Activists are decrying a decision by federal officials to bring no charges in the shooting death of a 24-year-old black man by two white Minneapolis police officers.

Minneapolis NAACP President Nekima Levy-Pounds asks why people must tolerate assault and battery at the hands of police. She says community members are tired of what is happening and what feels like "the Jim Crow North," a historical reference to prior laws enforcing racial segregation in the South.

U.S. Attorney Andrew Lugar announced Wednesday that federal officials won't bring charges in the November death of 24-year-old Jamar Clark. Luger cited insufficient evidence. A state prosecutor decided earlier against charging the officers.

Levy-Pounds what happened to Clark shows that African-Americans are living "in a land of disparity" and are being treated like second-class citizens.



12:30 p.m.

The attorney for a Minneapolis police officer who fatally shot a man last fall says the officer and his partner have been vindicated by a federal prosecutor's decision not to file criminal civil rights charges against them.

Dustin Schwarze and Mark Ringgenberg were the officers involved in a fatal confrontation last November with 24-year-old Jamar Clark. The officers said Clark was struggling with Ringgenberg and had his hand on the officer's gun when Schwarze shot him.

U.S. Attorney Andrew Luger announced Wednesday that he would bring no charges against the men due to insufficient evidence.

Schwarze's attorney, Fred Bruno, says the decision was no surprise after a state prosecutor reached the same conclusion in March.

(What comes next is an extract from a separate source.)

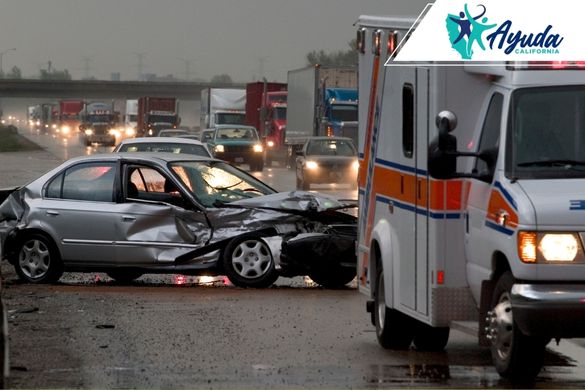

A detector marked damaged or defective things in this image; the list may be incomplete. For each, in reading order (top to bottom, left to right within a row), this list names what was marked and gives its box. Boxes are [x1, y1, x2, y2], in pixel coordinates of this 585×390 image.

damaged silver sedan [0, 154, 356, 288]
crumpled car hood [230, 190, 354, 212]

Bruno says the chances of two independent investigations arriving at the same result are slim unless the officers' actions were justified.


11:40 a.m.

Minnesota's U.S. attorney says no federal civil rights charges will be filed against two Minneapolis police officers in last fall's shooting death of a black man.

Andrew Luger says there is insufficient evidence to support charges against the officers, who had a lethal confrontation with 24-year-old Jamar Clark last November.

Luger is the second prosecutor to decline to file charges in Clark's death, following Hennepin County Attorney Mike Freeman's announcement in March.

Clark's death set off weeks of protests on the city's north side, where some witnesses said Clark was handcuffed when he was shot. Freeman said forensic evidence backed up the officers' account that Clark was not handcuffed and that he had his hand on an officer's gun when he was shot.